From the compensation experts at Salary.com
According to Salary.com's 2005/2006 Employee Job Satisfaction and Retention Survey, 65% of employees plan on looking for a new job in the next three months. Many dissatisfied employees cited inadequate compensation as the primary reason they want to walk out the door. But are these unhappy workers actually underpaid? In order to find the answer, Salary.com analyzed a sampling of compensation data from these supposedly underpaid and unhappy workers, with surprising results.
The compensation experts at Salary.com took the job title, industry, geography, and company size reported by each respondent in the sample. They then matched this data to a benchmark job (and corresponding salary) in the Salary.com database. This analysis revealed that only 18.7% of the self-proclaimed underpaid employees looking to leave their job were in reality underpaid. That means nearly 80% of these workers who felt that they were underpaid actually were not. The majority of these workers, 34.2%, were paid fairly relative to the market, while 17.4% were overpaid.

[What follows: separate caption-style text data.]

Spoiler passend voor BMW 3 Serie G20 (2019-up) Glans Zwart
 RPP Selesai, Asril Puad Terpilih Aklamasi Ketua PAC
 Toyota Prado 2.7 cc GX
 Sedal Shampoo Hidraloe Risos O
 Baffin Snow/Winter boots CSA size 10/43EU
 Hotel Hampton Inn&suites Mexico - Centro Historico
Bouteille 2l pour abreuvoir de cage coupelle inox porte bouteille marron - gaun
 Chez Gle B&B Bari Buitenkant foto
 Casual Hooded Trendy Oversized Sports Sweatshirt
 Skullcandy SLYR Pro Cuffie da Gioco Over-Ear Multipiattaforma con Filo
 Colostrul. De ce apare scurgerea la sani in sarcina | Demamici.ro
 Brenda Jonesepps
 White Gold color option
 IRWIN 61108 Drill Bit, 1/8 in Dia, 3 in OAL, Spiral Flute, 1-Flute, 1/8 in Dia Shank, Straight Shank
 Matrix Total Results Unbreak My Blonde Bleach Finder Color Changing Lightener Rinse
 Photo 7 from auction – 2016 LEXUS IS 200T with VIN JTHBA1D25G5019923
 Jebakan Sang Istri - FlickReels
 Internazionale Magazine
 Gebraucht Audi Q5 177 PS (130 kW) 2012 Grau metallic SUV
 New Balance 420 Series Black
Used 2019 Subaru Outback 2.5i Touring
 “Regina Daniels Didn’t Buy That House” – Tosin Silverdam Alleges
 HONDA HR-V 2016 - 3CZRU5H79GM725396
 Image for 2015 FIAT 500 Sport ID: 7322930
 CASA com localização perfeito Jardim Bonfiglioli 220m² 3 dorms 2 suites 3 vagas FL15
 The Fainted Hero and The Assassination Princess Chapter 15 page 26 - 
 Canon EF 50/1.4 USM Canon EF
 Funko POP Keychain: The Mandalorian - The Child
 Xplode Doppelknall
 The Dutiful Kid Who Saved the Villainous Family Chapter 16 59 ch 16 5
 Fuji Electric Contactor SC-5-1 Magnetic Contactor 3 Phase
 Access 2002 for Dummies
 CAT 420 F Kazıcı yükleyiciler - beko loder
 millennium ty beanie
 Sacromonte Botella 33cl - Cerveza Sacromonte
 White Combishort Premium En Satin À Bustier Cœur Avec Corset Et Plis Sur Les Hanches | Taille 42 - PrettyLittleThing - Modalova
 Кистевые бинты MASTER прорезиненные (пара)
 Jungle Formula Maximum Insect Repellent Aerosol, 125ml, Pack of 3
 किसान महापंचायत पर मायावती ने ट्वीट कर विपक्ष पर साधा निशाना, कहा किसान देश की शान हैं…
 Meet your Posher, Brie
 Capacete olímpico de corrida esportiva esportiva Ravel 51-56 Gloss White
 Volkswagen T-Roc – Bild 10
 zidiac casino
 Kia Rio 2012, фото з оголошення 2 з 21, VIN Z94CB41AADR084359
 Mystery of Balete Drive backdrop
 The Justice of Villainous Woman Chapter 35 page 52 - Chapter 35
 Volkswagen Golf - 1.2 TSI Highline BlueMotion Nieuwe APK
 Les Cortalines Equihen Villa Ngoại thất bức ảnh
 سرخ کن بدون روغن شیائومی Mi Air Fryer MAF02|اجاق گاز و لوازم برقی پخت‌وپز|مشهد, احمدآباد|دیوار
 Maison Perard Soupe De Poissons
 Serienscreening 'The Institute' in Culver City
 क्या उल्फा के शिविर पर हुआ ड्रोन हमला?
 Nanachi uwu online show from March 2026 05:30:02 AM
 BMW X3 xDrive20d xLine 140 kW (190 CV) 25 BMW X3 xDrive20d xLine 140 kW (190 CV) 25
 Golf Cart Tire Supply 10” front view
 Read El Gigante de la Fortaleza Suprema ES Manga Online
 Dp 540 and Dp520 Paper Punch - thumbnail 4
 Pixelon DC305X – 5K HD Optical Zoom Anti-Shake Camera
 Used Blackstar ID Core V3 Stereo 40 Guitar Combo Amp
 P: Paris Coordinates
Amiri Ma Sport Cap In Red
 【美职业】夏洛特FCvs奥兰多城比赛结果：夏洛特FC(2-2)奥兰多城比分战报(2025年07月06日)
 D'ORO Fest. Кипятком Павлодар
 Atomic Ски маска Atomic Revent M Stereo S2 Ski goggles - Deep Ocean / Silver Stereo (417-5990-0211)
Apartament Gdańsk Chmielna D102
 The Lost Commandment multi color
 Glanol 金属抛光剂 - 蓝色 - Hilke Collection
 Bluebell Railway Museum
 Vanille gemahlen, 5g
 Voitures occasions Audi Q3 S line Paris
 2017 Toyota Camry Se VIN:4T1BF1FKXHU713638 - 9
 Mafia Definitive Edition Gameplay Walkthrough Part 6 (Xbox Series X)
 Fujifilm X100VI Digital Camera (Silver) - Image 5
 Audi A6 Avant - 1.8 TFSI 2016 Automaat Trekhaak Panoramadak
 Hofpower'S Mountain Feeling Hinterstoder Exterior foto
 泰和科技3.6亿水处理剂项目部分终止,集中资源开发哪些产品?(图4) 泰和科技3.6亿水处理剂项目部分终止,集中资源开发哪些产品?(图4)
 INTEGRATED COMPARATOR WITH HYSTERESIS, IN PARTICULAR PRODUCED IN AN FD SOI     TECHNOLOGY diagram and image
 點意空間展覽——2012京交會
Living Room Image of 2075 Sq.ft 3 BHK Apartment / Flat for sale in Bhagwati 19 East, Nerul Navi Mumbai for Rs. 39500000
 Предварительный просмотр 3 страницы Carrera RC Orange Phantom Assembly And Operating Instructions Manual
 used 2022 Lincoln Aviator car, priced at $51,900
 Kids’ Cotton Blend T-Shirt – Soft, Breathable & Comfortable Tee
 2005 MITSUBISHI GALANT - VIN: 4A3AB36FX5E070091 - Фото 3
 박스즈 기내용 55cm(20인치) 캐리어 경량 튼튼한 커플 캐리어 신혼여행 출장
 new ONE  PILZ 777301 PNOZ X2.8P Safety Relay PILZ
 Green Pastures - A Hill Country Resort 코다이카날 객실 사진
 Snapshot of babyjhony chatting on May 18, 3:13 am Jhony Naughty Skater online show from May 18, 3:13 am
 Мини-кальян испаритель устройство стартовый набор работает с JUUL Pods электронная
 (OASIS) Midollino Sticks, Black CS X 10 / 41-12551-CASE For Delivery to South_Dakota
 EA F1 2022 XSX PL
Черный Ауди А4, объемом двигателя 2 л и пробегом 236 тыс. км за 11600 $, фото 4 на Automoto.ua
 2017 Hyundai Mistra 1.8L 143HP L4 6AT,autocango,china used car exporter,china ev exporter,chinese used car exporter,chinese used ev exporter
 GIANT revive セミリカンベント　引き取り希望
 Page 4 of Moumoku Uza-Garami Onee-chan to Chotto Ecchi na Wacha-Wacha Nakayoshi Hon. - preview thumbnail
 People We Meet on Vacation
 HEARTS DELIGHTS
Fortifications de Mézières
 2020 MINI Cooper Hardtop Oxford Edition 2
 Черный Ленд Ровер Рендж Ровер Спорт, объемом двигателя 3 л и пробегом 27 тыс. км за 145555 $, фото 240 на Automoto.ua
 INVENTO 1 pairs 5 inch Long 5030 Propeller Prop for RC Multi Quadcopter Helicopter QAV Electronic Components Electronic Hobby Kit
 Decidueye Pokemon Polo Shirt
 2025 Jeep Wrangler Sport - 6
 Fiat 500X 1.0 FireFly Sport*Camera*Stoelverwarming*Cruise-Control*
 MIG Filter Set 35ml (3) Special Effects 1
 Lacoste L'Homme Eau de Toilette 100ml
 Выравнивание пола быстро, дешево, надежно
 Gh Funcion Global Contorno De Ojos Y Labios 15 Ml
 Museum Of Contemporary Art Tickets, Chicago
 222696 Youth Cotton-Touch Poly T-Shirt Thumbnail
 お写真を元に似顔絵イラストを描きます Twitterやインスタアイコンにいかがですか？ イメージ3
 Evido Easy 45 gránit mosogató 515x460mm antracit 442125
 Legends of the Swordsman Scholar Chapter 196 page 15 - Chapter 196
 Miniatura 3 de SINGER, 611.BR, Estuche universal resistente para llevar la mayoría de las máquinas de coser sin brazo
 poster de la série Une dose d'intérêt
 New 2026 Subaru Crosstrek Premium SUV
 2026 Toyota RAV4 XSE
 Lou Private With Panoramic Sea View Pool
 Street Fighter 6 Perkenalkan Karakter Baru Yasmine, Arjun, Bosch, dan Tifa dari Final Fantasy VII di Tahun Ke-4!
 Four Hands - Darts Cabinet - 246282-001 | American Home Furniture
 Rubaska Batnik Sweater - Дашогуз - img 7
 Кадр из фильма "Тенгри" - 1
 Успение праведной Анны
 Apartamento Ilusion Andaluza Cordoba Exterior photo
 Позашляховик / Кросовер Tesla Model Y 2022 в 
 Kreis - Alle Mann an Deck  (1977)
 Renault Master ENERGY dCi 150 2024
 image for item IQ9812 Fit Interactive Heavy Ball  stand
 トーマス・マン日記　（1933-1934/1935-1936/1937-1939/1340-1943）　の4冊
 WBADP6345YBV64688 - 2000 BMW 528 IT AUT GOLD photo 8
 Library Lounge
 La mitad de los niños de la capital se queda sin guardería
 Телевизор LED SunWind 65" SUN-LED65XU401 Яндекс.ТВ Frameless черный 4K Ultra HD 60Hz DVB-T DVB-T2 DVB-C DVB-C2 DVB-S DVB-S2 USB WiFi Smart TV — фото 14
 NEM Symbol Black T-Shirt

The other 29.6% of these workers were being paid so far below market range (less than 70% of their job's market value, based on their job title, industry, geography, and company size) that they had most likely been over-titled. Over-titling is a practice, common in the late 1990s, where an employee is offered a trumped-up job title by their employer in lieu of a salary increase. This means that the employee's actual duties at the company may not be on par with the salary level generally associated with their title.
What We Learned
According to Bill Coleman, Senior VP of Compensation at Salary.com, the main lesson in these findings is that "employees should strive to accurately match their job duties to a generic benchmark job title and salary range. This will give them a good idea of what they are really worth in the marketplace, before they make the assumption that they are underpaid and leave their company because of that." Online salary data sites like Salary.com help people accurately price their jobs.
So, Am I Underpaid?
There are three important steps in determining if you are underpaid, steps you should consider before you walk out of your employer's door because you feel as if you are not earning enough money:
Step One: Matching Your Job Description
The most important step in determining if you are underpaid is correctly matching your job to an appropriate benchmark job. A benchmark job is a market job (or external job) to which an actual employee's job (or internal job) is matched for pay comparison. Your job should have similar content, as characterized in the job description, of the benchmark job. Matching your job at least 70% to the benchmark job is a good rule of thumb when trying to pick a match. A benchmark job is what your Human Resource department uses to price your actual job. Benchmark jobs can be found on Salary.com in the Salary Wizard.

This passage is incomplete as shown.